In einem Gastbeitrag für die Welt  hatte Tauber zuvor zum Rundumschlag „gegen Rechts“ angesetzt. Erika Steinbach sei „ebenso wie die Höckes, Ottes und Weidels durch eine Sprache, die enthemmt und zur Gewalt führt, mitschuldig am Tod Walter Lübckes“, bekräftigte der ehemalige CDU-Generalsekretär. Angesichts der Gewalt durch Rechtsextreme müsse man Artikel 18 des Grundgesetzes anwenden. Danach können jenen Grundrechte entzogen werden, die die freiheitlich-demokratische Grundordnung bekämpfen. Angewendet wurde der Artikel seit 1949 allerdings nie.

Der Vorschlag sorgte sogar unter linken Politikern für Unmut. „Wir brauchen eine härtere Gangart des Staates gegen rechte Gewalttäter und Terroristen, aber es ist doch völliger Blödsinn, ihnen die Grundrechte zu entziehen“, twitterte der Vizepräsident des Bundestags, Thomas Oppermann (SPD). „Den Rechtsstaat verteidigt man nicht, indem man ihn für einige abschafft“, pflichtete ihm der stellvertretende Fraktionsvorsitzende der Grünen, Konstantin von Notz, bei. 

In einem waren sich die meisten Politiker jedoch einig, von Ralf Stegner (SPD) über Annegret Kramp-Karrenbauer (CDU) bis hin zu Friedrich Merz (CDU): Die AfD trägt eine Mitschuld an dem Mord. Das will die Partei so nicht stehenlassen. „Alles was wir tun, ist ein friedliches Politik-angebot zu machen“, verdeutlichte Parteichef Jörg Meuthen. „Die AfD ist nicht die Ursache von politischer Gewalt, vielmehr ist sie das Hauptziel der Angriffe“, echauffierte sich auch der Hamburger AfD-Fraktionsvorsitzende Alexander Wolf und berief sich dabei auf die Antwort der Bundesregierung auf eine Kleine Anfrage der AfD-Bundestagsfraktion. Demnach gab es im ersten Quartal dieses Jahres 114 Straftaten, die sich direkt gegen Parteimitglieder und Mandatsträger der AfD richteten. Mit weitem Abstand folgen SPD (21), Grüne (19), Union (16) und Linkspartei (9).

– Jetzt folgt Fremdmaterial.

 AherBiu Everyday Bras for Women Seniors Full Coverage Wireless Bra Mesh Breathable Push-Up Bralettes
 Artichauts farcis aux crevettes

Fest steht: Der Fall Lübcke läßt sich noch nicht sicher einordnen, auch wenn die Medien dies krampfhaft versuchen. Ein (noch nicht aufgeklärter) Mord soll zudem rechtsextreme Strukturen belegen. Gesichert ist bislang, daß am 2. Juni ein Angehöriger Walter Lübcke kurz nach Mitternacht bei seinem Wohnhaus in Wolfhagen auffand, mit einer Schußwunde im Kopf leblos auf der Terrasse liegend. Weil die Polizei keine Tatwaffe entdeckte, schloß sie einen Suizid aus und sprach von einem Tötungsdelikt. 

Am 8. Juni 2019 nahm die Polizei den Sanitäter fest, der in der Tatnacht Erste Hilfe geleistet hatte, ließ ihn aber wegen fehlender Anhaltspunkte für eine Tatbeteiligung wieder frei. Seine Rolle ist nach wie vor dubios. Er soll versucht haben, Spuren auf der Terrasse verschwinden zu lassen und zudem mit dem Sohn von Lübcke befreundet sein.

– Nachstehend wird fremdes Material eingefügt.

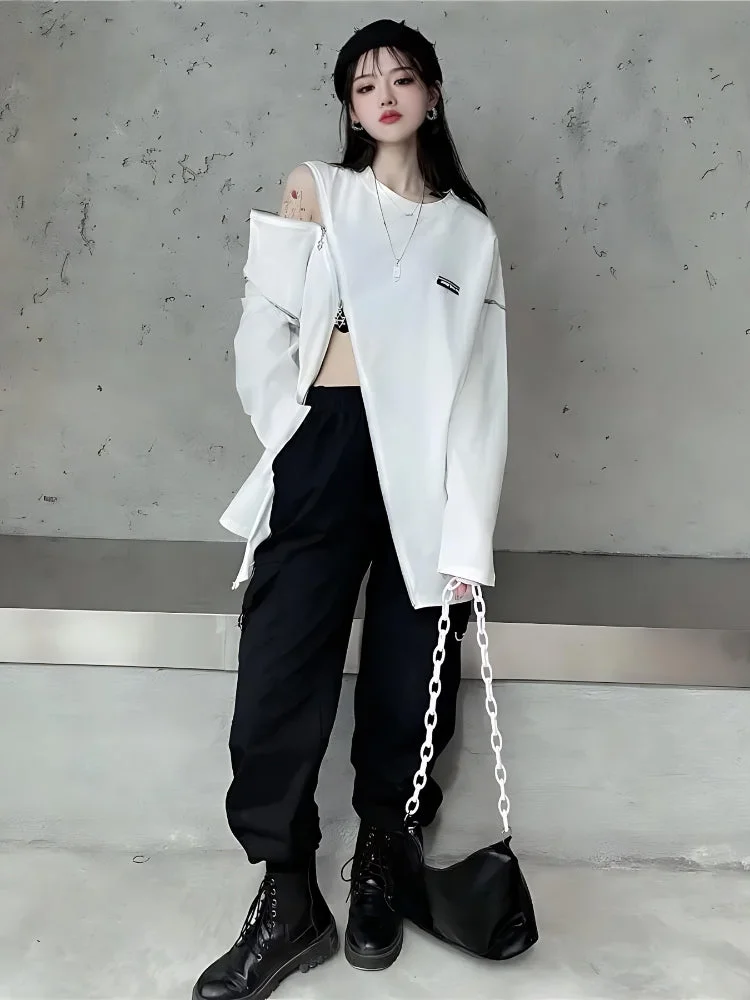 Brownm Cross Zip-Up Top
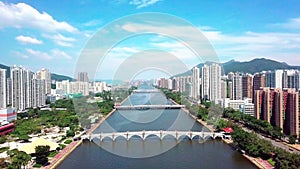 Aerial panarama view on Shatin, Tai Wai, Shing Mun River. Before typhoon Mangkhut come to Hong Kong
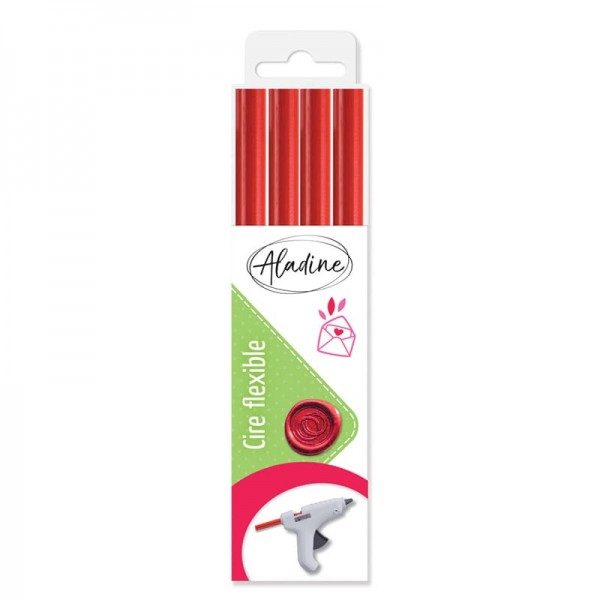Pack 4 Bâtons De Cire Ronds Rouge Aladine | Tamporelle Pack 4 Bâtons De Cire Ronds Rouge Aladine | Tamporelle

Tatverdächtiger lebte     zuletzt völlig unauffällig

Acht Tage später vermeldete die Bundesanwaltschaft die nächste Festnahme. Dringend tatverdächtig: Stephan E., lange Zeit in der hessischen Neonazi-Szene aktiv. Am Tatort wurde seine DNA gefunden. Doch E. schweigt zu den Vorwürfen. Der 45jährige ist mehrfach vorbestraft und soll 1993 einen Rohrbombenanschlag auf eine Asylunterkunft in Hohenstein-Steckenroth verübt haben. 

Das letzte Mal tauchte er in den Akten der Sicherheitsbehörden 2009 auf, als Rechtsextreme eine Gewerkschaftskundgebung in Dortmund angriffen. Seitdem jedoch lebte er völlig unauffällig mit seiner Frau und zwei Kindern in Kassel. Ein Iraner sei sein bester Freund gewesen, erzählen Arbeitskollegen in der Bild-Zeitung. Daß er rechtsextrem sei, davon habe man nichts mitbekommen.

Die ARD-Sendung „Monitor“ jedoch behauptete, E. sei weiterhin mit führenden Rechtsextremisten in Kontakt. Er habe erst im März an einem konspirativen Treffen der verbotenen Gruppierung „Combat 18“ teilgenommen. Als Beweis diente ein undeutliches Foto, auf dem E. während der Veranstaltung im sächsischen Mücka zu sehen sein soll. Bereits einen Tag später widersprach der Spiegel. Es handle sich um eine Verwechslung. Auch aus sächsischen Sicherheitskreisen heißt es: Das Foto zeige nicht Stephan E., sondern einen anderen, namentlich bekannten Rechtsextremisten.